_Exercise data:_
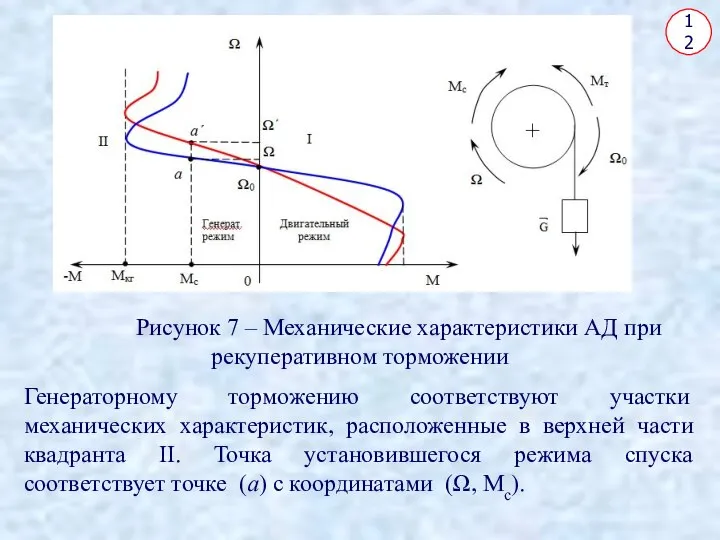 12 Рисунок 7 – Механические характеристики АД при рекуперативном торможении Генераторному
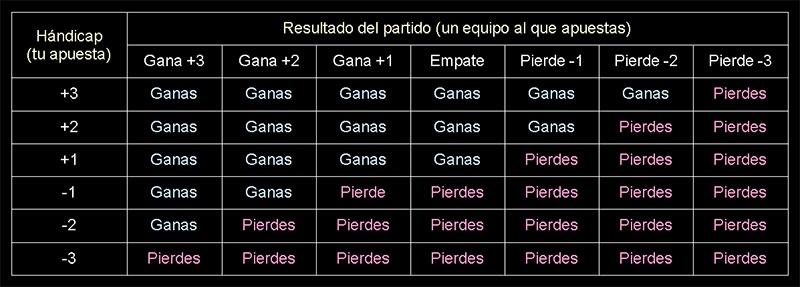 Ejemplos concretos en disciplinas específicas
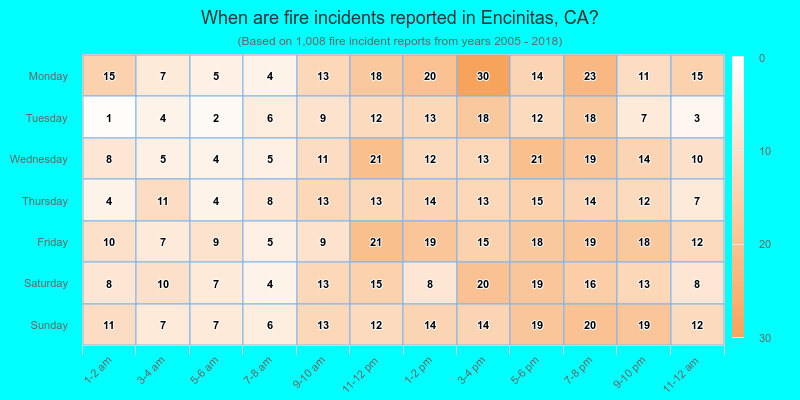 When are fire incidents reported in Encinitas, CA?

---

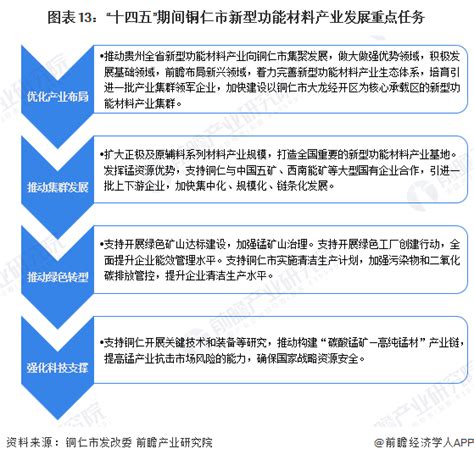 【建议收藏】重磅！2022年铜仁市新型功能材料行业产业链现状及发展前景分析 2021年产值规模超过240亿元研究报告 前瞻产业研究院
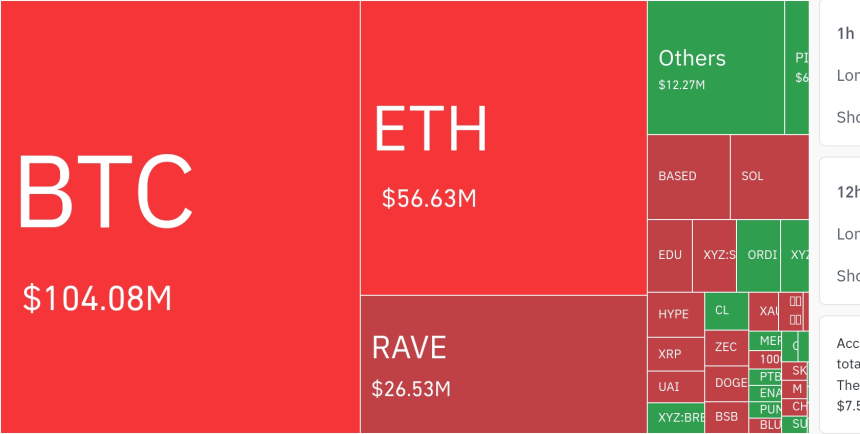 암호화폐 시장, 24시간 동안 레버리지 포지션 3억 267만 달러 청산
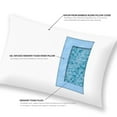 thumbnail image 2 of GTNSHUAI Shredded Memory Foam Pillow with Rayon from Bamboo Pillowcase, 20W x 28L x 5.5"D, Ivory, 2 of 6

_Task to carry out:_
The stretch to restate runs from the line above containing "암호화폐 시장, 24시간 동안 레버리지 포지션 3억 267만 달러 청산" through the line containing "thumbnail image 2". Copy it word for word, ends included, without pictures.

_Answer box:_
 암호화폐 시장, 24시간 동안 레버리지 포지션 3억 267만 달러 청산
 thumbnail image 2 of GTNSHUAI Shredded Memory Foam Pillow with Rayon from Bamboo Pillowcase, 20W x 28L x 5.5"D, Ivory, 2 of 6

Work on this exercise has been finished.